Exercise details> Only lines holding the word "Medium" should be copied from the material.

The data>
++++

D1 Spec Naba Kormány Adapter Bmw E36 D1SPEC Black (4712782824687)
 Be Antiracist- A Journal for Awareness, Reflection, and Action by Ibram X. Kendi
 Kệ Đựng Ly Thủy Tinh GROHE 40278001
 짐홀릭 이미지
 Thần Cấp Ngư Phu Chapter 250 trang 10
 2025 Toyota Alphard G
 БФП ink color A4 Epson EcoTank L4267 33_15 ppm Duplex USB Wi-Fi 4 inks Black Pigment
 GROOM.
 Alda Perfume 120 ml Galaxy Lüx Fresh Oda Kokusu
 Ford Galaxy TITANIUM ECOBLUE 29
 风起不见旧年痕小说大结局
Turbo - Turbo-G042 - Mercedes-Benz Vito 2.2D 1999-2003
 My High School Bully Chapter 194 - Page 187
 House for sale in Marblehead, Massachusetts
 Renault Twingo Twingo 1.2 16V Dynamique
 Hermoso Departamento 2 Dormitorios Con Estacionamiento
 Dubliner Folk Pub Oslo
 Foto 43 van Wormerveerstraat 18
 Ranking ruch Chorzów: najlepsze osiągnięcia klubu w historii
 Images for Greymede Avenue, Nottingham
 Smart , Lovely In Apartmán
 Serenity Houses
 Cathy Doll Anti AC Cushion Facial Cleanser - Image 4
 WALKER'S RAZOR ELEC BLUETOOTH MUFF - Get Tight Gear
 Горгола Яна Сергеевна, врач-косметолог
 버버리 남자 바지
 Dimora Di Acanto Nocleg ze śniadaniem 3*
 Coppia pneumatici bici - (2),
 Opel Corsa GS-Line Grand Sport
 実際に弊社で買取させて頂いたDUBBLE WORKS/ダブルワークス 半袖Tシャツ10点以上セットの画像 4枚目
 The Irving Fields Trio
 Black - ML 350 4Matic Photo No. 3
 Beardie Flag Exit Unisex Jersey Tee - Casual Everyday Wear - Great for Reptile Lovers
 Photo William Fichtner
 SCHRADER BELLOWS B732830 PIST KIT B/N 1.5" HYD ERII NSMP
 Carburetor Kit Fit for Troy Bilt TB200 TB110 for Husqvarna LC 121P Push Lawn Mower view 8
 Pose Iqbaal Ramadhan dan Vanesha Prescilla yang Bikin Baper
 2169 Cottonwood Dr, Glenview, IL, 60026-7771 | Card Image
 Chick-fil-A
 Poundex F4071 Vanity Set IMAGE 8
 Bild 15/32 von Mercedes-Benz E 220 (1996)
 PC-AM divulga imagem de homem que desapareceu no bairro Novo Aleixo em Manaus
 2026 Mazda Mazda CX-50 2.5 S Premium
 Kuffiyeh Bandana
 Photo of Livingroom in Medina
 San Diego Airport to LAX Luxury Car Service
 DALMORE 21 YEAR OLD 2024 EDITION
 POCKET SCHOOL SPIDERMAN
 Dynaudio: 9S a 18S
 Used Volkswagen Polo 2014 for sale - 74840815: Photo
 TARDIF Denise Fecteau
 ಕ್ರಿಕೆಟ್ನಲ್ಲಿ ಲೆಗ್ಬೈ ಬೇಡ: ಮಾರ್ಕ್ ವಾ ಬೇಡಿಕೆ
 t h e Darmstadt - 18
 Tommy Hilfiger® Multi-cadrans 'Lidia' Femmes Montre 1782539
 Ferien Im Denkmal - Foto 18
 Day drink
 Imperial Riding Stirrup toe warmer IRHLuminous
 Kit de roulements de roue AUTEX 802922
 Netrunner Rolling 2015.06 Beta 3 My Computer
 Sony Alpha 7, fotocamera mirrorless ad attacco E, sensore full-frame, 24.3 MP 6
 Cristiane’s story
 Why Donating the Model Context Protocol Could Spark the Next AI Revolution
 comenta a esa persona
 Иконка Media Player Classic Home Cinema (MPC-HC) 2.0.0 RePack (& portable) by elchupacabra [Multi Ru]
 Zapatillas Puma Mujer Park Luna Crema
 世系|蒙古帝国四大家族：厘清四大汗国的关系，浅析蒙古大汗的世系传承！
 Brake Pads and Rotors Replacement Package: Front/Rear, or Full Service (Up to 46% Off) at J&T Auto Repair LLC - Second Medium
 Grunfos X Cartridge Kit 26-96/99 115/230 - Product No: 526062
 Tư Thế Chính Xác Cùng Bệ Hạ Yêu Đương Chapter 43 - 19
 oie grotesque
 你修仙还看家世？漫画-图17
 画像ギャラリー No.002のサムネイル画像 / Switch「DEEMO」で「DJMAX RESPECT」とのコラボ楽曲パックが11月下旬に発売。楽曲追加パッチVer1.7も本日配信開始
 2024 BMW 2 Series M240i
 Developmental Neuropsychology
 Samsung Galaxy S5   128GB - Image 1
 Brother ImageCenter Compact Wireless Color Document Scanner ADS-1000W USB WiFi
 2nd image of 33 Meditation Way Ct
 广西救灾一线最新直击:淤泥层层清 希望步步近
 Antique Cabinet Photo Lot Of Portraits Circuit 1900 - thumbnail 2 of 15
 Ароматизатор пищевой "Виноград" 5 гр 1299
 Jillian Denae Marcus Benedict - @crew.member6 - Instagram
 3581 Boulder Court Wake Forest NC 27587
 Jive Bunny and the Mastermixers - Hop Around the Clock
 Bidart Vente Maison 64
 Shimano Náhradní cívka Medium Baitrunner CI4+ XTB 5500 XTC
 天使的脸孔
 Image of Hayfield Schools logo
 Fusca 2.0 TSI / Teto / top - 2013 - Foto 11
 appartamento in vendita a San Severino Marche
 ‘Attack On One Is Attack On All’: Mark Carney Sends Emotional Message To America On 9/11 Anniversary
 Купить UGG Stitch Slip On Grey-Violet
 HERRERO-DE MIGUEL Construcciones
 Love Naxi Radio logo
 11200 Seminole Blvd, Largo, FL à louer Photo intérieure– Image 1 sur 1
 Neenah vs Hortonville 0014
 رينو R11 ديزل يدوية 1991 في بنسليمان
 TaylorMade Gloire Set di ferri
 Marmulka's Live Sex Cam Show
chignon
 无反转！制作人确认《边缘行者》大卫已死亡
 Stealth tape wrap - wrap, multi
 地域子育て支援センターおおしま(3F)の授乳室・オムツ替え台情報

++++

Reply>
 Brake Pads and Rotors Replacement Package: Front/Rear, or Full Service (Up to 46% Off) at J&T Auto Repair LLC - Second Medium
 Shimano Náhradní cívka Medium Baitrunner CI4+ XTB 5500 XTC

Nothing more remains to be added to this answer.